● **About this task**:
Everything below from the line with "Equity And Growth" through the line with "[经典美酒采样包] Sound of" must be retyped exactly, except the pictures.

● **Data for processing**:
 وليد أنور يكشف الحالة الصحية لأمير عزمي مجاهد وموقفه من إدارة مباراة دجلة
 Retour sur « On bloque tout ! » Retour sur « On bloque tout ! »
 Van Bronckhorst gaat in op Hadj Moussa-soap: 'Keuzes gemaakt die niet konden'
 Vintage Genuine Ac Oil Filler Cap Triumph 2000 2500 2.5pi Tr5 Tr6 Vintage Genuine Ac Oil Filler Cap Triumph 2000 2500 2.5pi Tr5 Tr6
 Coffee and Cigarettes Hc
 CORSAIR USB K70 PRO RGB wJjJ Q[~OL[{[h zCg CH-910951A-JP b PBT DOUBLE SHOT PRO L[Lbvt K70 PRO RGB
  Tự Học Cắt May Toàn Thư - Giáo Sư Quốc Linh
---
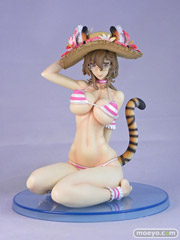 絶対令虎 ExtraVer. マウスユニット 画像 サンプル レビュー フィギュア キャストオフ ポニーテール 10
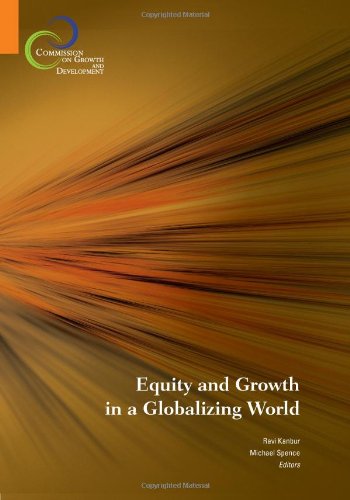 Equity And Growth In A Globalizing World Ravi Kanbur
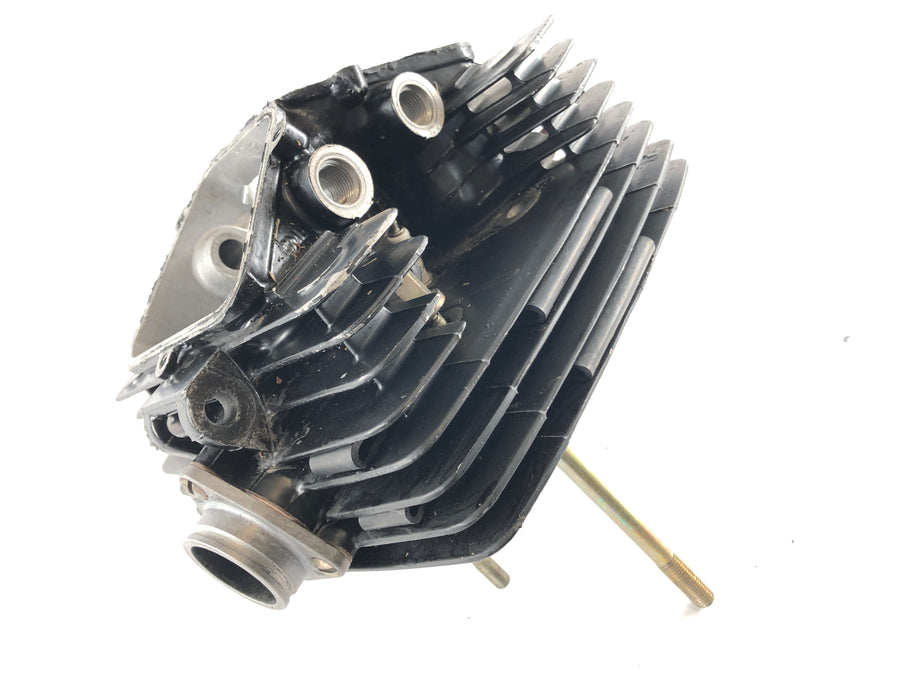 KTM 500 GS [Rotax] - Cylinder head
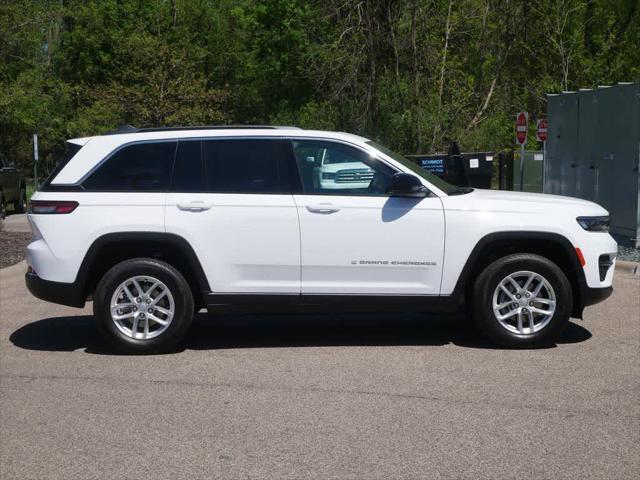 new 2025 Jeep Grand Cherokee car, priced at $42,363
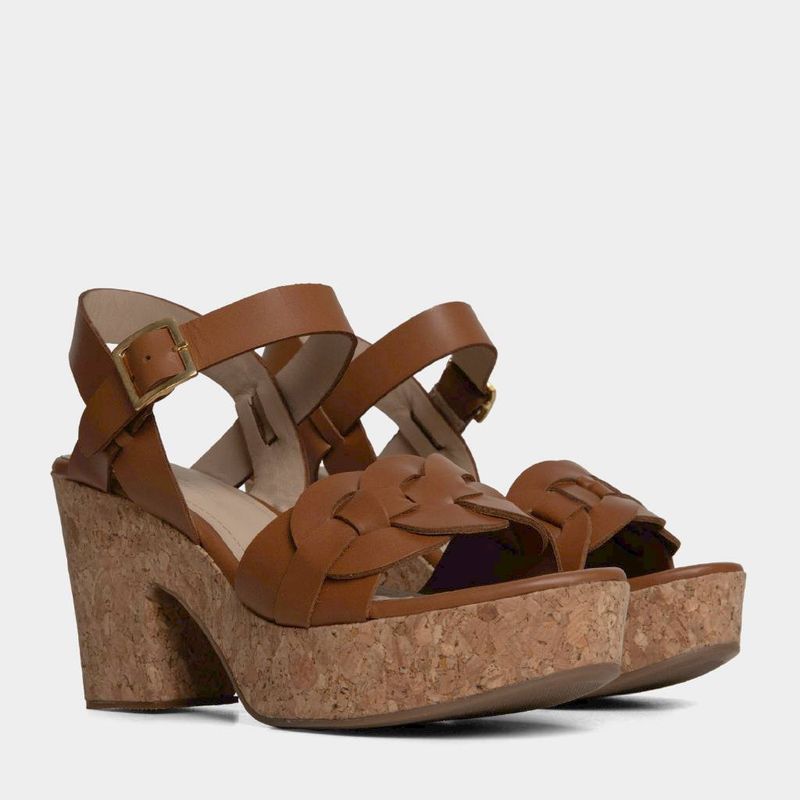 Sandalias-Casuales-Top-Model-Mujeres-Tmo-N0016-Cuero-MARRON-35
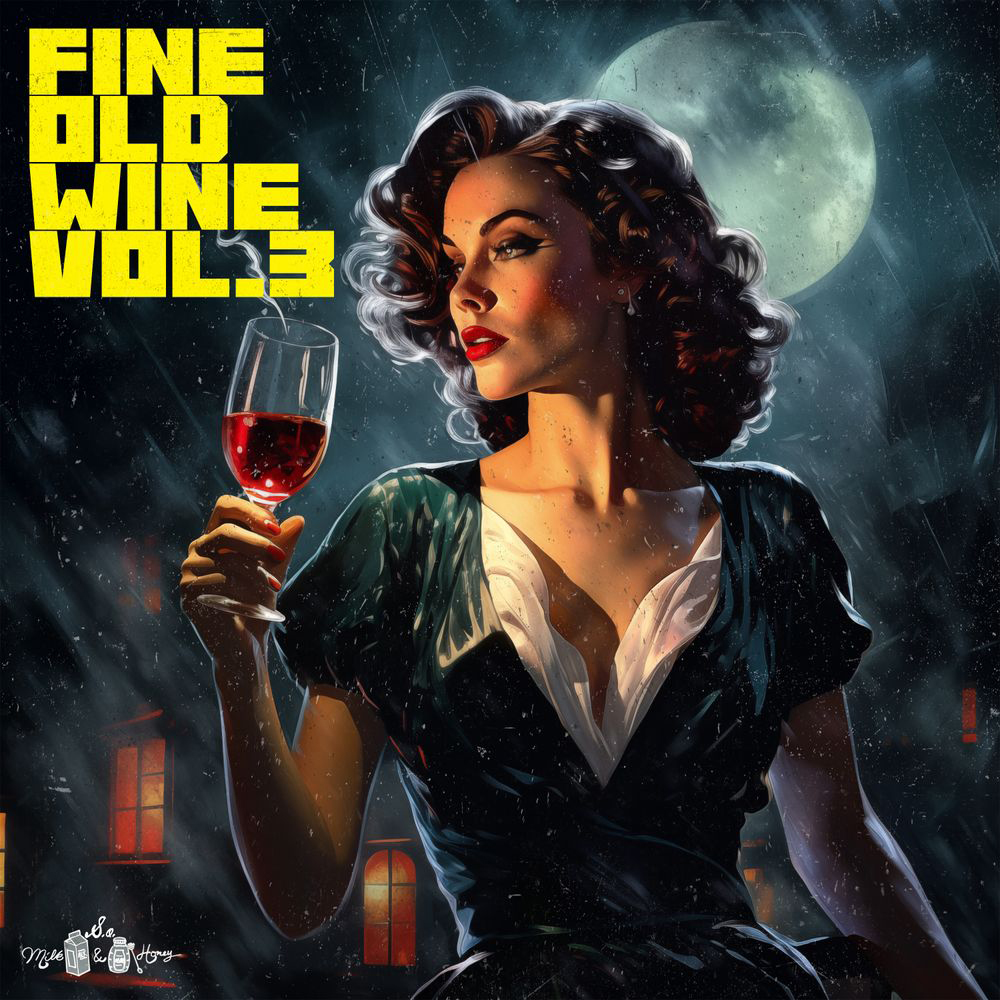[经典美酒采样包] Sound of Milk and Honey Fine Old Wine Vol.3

● **Written response**:
 Equity And Growth In A Globalizing World Ravi Kanbur
 KTM 500 GS [Rotax] - Cylinder head
 new 2025 Jeep Grand Cherokee car, priced at $42,363
 Sandalias-Casuales-Top-Model-Mujeres-Tmo-N0016-Cuero-MARRON-35
[经典美酒采样包] Sound of Milk and Honey Fine Old Wine Vol.3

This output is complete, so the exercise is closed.